- [TASK] Output each line exactly as written, from the first line of the records to the line bearing "The cloth on", inclusive, while leaving every picture out.

- [MATERIAL TO PROCESS]

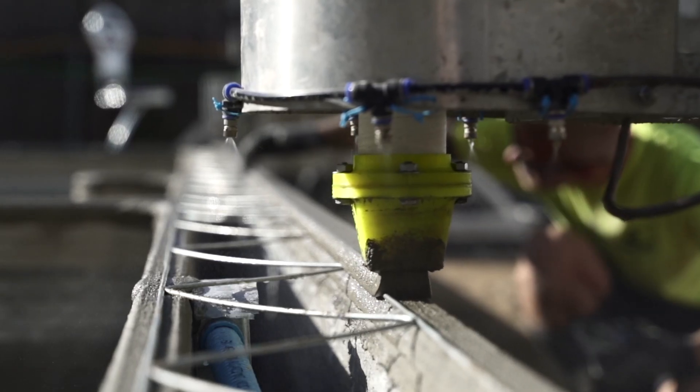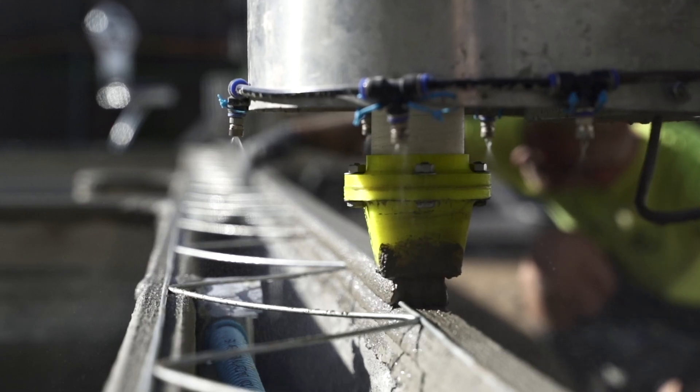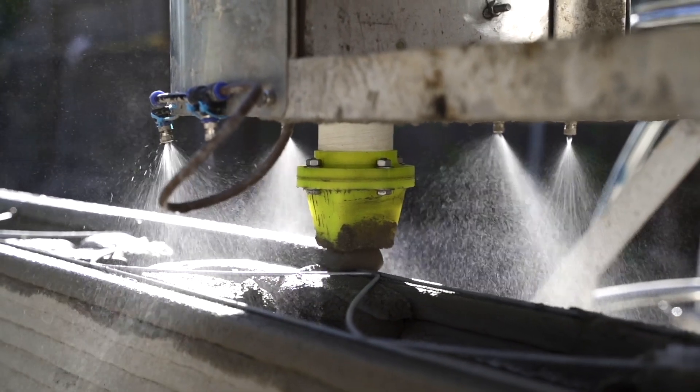On top of this, SQ4D uses galvanized trusses which are placed horizontally on top of printed beads. The distance between each reinforcement can be adjusted according to code.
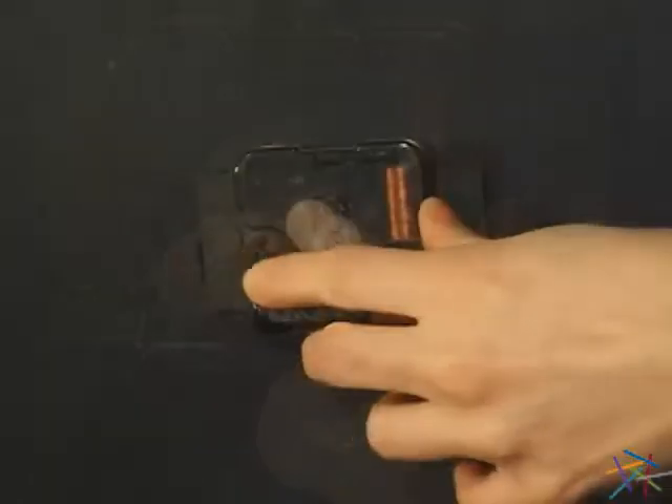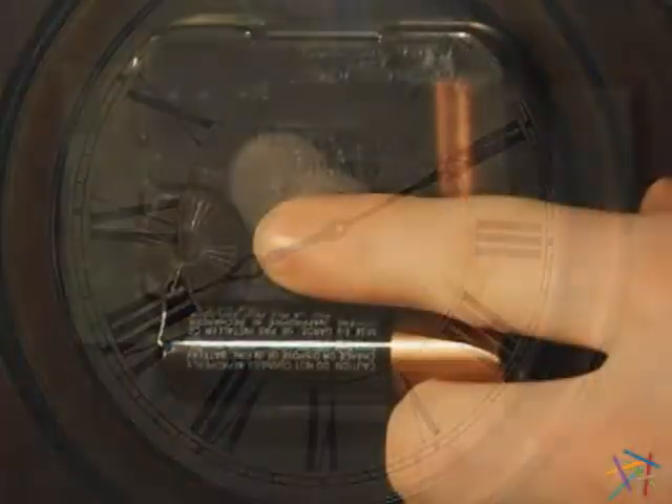The dependable quartz movement is powered by one AA battery. To set the clock, use the simple dial on the back.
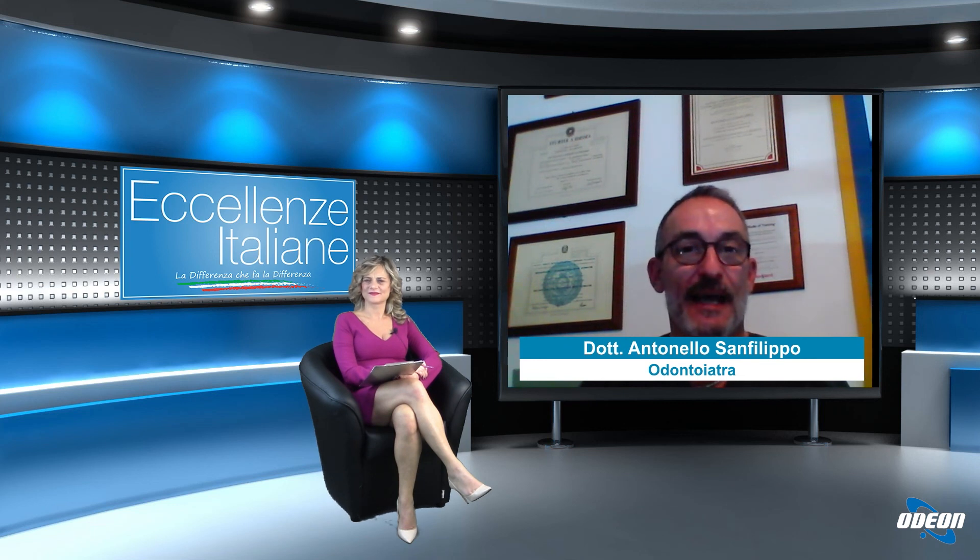La legge non consente di eseguire la CBCT oggi e l'intervento domani: la CBCT dovrebbe essere delegata al radiologo presente in zona. Nei piccoli centri questo può creare difficoltà, poiché i radiologi con attrezzature sofisticate si trovano spesso nelle città più grandi. Con questa tecnica si ottiene il massimo della precisione, eliminando l'errore umano, e si può eseguire l'intervento circa un'ora dopo l'ingresso del paziente.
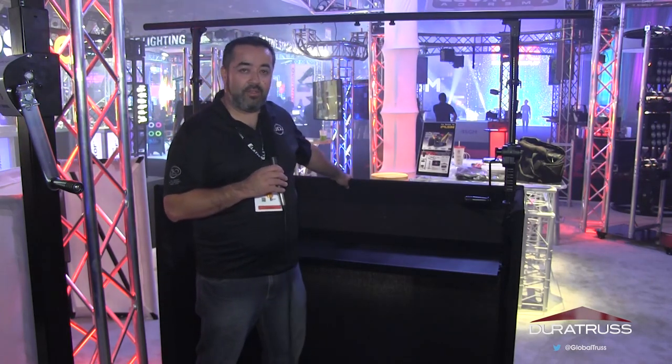The cloth on the outside can be changed out to either a black cloth or a white one. With the white one, you can use any of your lighting products to add some glow to the whole DJ booth.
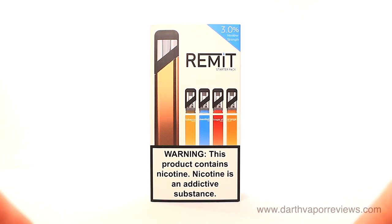Hi everybody, hope you're doing great. Today I'll be reviewing the Remit Pod Starter Kit by Exempt.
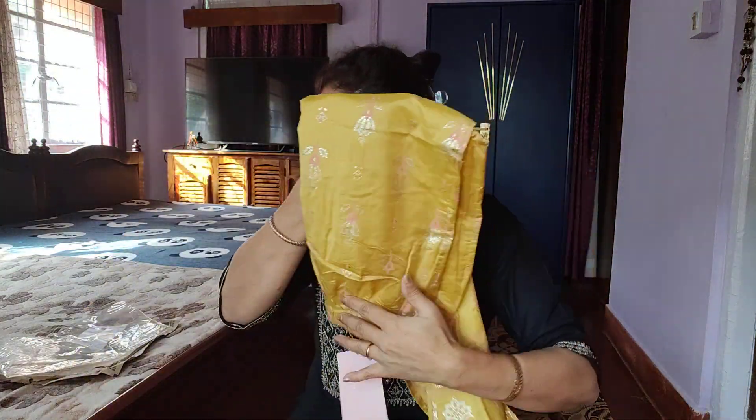This is a small haul. If you like it, subscribe and share it. See you in the next video. Bye bye. Namaskar.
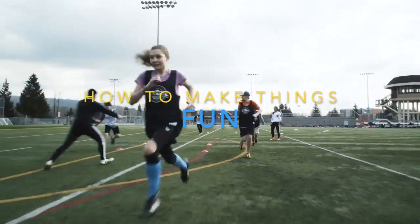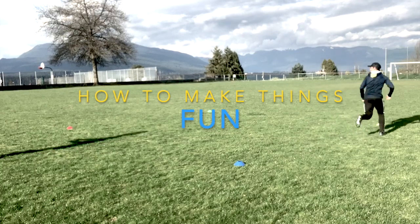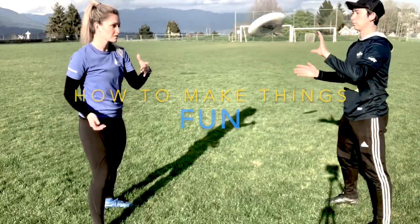Hi, I'm Danny and I'm Ari. We're with Elevate Ultimate and these are our top three ways to make drills fun.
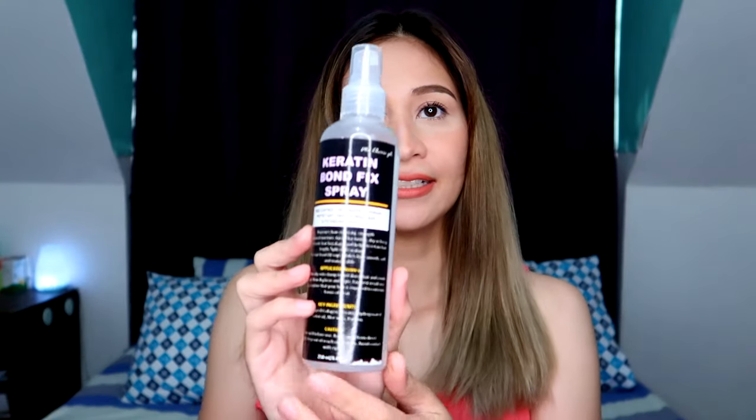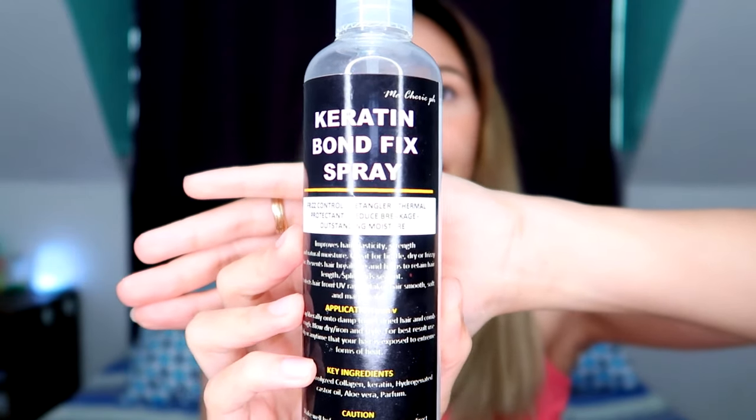Ito yung itsura ng spray niya — it's the Keratin Bond Fix Spray. Nandito siya sa 250 ml na bottle. Ang ganda nung spray niya, kita nyo ba yung mist niya? Talagang sabog siya kaya maraming nakukuhang parts ng buhok. Diba ang ganda? And babango rin siya.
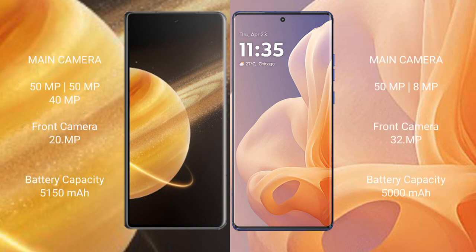The Honor Magic V3 features a triple rear camera setup, while the Motorola Moto G85 features a dual rear camera setup.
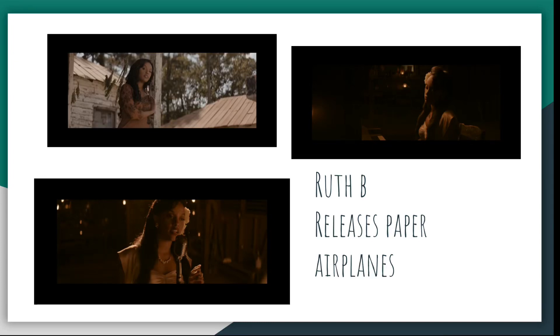I always like to cover Ruth B and what she's doing. I think she's a great artist. I think her experience is just one we haven't really heard or seen before. So from inside the writer's room, I appreciate her perspective. And she released a video for Paper Airplanes, which is on the soundtrack of a film about an interracial couple.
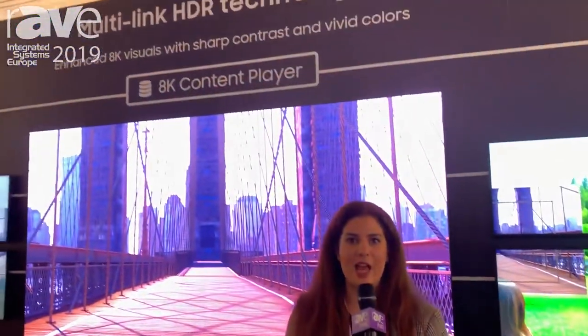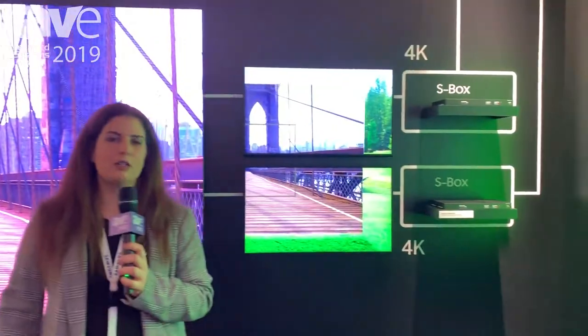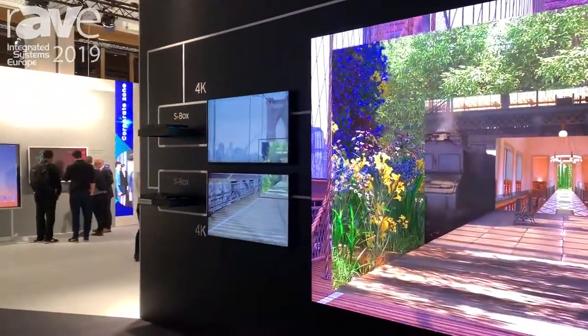We're here on the Samsung stand at ISC 2019 to talk about the multi-link HDR technology. We have four S boxes, each one supports 4K content and then they are linked, providing up to 8K content.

- [ANSWER TO THE PROBLEM]
On top of this, SQ4D uses galvanized trusses which are placed horizontally on top of printed beads. The distance between each reinforcement can be adjusted according to code.
The dependable quartz movement is powered by one AA battery. To set the clock, use the simple dial on the back.
La legge non consente di eseguire la CBCT oggi e l'intervento domani: la CBCT dovrebbe essere delegata al radiologo presente in zona. Nei piccoli centri questo può creare difficoltà, poiché i radiologi con attrezzature sofisticate si trovano spesso nelle città più grandi. Con questa tecnica si ottiene il massimo della precisione, eliminando l'errore umano, e si può eseguire l'intervento circa un'ora dopo l'ingresso del paziente.
The cloth on the outside can be changed out to either a black cloth or a white one. With the white one, you can use any of your lighting products to add some glow to the whole DJ booth.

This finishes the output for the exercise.